Last week, the Lewisville Independent School District passed a resolution and Mayor Rudy Durham penned an opinion piece on the priorities in the state government’s ongoing special session, some of which they say overrides local control. In doing so, they join a chorus of city level voices that have been criticizing state lawmakers along these lines for months.
Several of the bills passed during this legislative session and those being discussed in the special session limit the power of local governments. Gov. Greg Abbott already signed into law legislative framework around ride-sharing services and restrictions on regulating short-term home rentals, both of which overrode stricter laws in major Texas cities. He also signed a ban on Texas cities becoming sanctuary cities, or cities that refuse to comply with president Donald Trump’s controversial immigration policies. Several of the items on the docket for the special session also threaten to encroach on laws that many cities have already passed. Under state law, the governor can call for as many special sessions as he wants until his agenda items are passed.
The Abbott administration is no stranger to this kind of override. One of the first pieces of legislation he passed was a law limiting what cities can do to regulate oil and gas operations, which famously overturned Denton’s citywide ban on hydraulic fracking.
LISD superintendent Kevin Rogers called it hypocritical.
“Sort of the sad part to me is that Austin rails all the time that Washington sends them all these mandates that the states have to do, and yet, Austin is doing the exact same thing to us and local entities,” he said. “I don’t quite get it.”
While the state legislature is overwhelmingly Republican, many of the larger cities in Texas have predominantly Democratic elected officials, and many of the policies the state is overriding were written by Democratic lawmakers. This pattern of states stepping on cities with different political views is repeating in several states across the country.
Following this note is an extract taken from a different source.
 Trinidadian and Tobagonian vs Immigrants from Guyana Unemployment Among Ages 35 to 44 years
But this becomes a problem even for Republican-voting cities like Lewisville, where large–scale ideological politics aren’t as important as the nuts and bolts of funding.
The specific items Durham spoke out against include a law that would allow affected residents to vote on whether or not they’ll be annexed by a city, a law that exempts property owners from complying with ordinances passed after they purchase their property and laws that require voter approval for increases in year-to-year city budgets or property taxes, making it difficult for cities and school districts to plan more than a year ahead. The school district’s resolution addressed the potential institution of tax credits, which would funnel money from the public school system into private school tuition and an unfunded mandate to increase teacher salary.
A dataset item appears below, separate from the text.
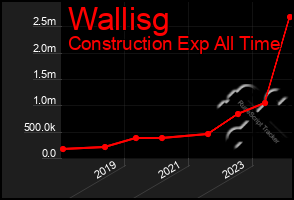 Total Graph of Wallisg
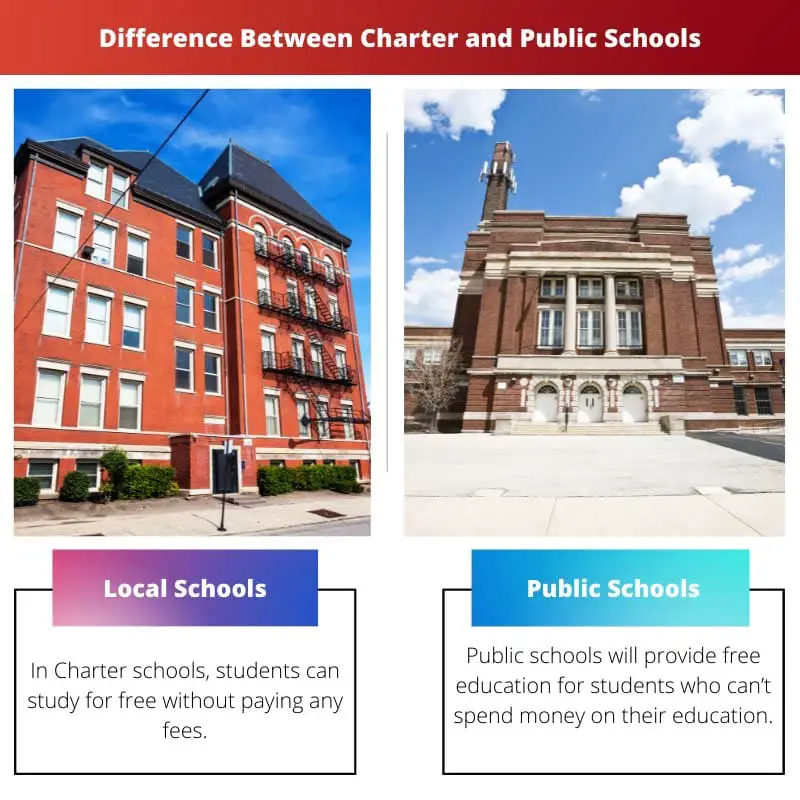 Difference Between Charter and Public Schools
The law relating to annexation, SB6, could interfere with Lewisville’s ability to annex Castle Hills, which has long been seen as vital for the city’s potential growth.
Deputy Mayor Pro Tem Brandon Jones said SB12, the bill that prevents cities from enforcing new ordinances, will stop citizens from having a say in what happens in the city, and SB18, the bill that limits city spending, would interfere with the city’s ability to meet its goals.
“The Texas State Legislature wants to create a cookie cutter budget for all cities which would create caps on what a city could spend each year. For Lewisville, this would impact our ability to finish and operate the multi–generational center that our voters recently voted for. The impact would affect our ability to be competitive in the DFW market for quality public safety personnel,” he said.
Jones encouraged residents to call Reps. Tan Parker and Ron Simmons and State Sen. Jane Nelson to speak against these bills, all of which were still in committee as of Friday night.
School board member Kristi Hassett said the primary worry for the school district is HB198, which would re-organize teacher incentives to allow teachers to command a much higher salary if they get nationally certified. Hassett said the bill would sow distrust between teachers, who would be competing for the raises the bill provides, and would also force the district to find the money for the bonuses.
“That would end up costing the district a ton and they’re actually changing school funding formulas to force our district to pay,” she said.
She said that ultimately students could suffer if the district needs to do that.
“First of all, you start raising the classroom sizes that you are able to under our statute,” she said. “You hire fewer teachers.”